Uno de los que escribió la Constitución de 1812 (La Pepa, por la fecha en que se aprobó y porque, cuando volvió el Rey Deseado Fernando VII y la abolió, estaba prohibido referirse a ella y dicen que se la dió ese sobrenombre para no acabar en chirona), fue Martínez de la Rosa, un catedrático de Filosofía Moral, escritor, moderado en el pensar, y buen componedor, por lo que mereció pasar a la Historia con el sobrenombre de Rosita la Pastelera y pasó varios años en la cárcel, por orden de Su Majestad.
Al pueblo español nunca le gustó, en realidad, lo de la libertad, en particular, aquella que se le concede por la gente que conoce y de la que sabe sus debilidades.

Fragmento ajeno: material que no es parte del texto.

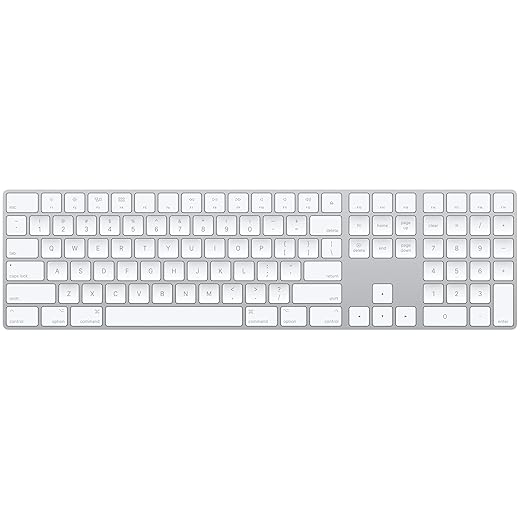 Apple Magic Keyboard with Numeric Keypad: Wireless, Bluetooth, Rechargeable. Works with Mac, iPad, or iPhone; US English - White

Prefiere las cadenas, la sumisión, el rendimiento que cabe esperar de quien hace la pelota a alguien que está por encima de las cosas de este mundo, porque su poder venga de Dios, o de la tradición, o de los siglos de los siglos.
Apenas si tardaron dos años nuestros antecesores en la fe en aplaudir la abolición de aquella peligrosa Constitución, surgida de las mentes de tipos estudiosos, sí, pero normales, que procedían de familias de las que era difícil conocer más de un par de ramas de su árbol genealógico, y de los que, por tanto, había que desconfiar.
El 4 de mayo de 2014 se cumplirán doscientos años de la derogación, por Fernando VII, de aquella elucubración peligrosa por la que se recortaban los poderes absolutos de la monarquía, con una prudencia que hoy nos parece timorata. El pueblo aplaudió entusiasmado, escriben las crónicas, la abolición de aquella Constitución (que tendría otros dos cortos períodos de vigencia, posteriormente), con un grito espeluznante: "¡Vivan las caenas!".
Algo habrá que imaginar para, cuando llegue ese momento, mover a la reflexión a la España otra vez adormecida, siempre navegando entre las aguas de una seudolibertad nunca asumida como capacidad para el ingenio y la seguridad de las cadenas, interpretada como fórmula segura de ahuyentar a los malos espíritus de la inteligencia.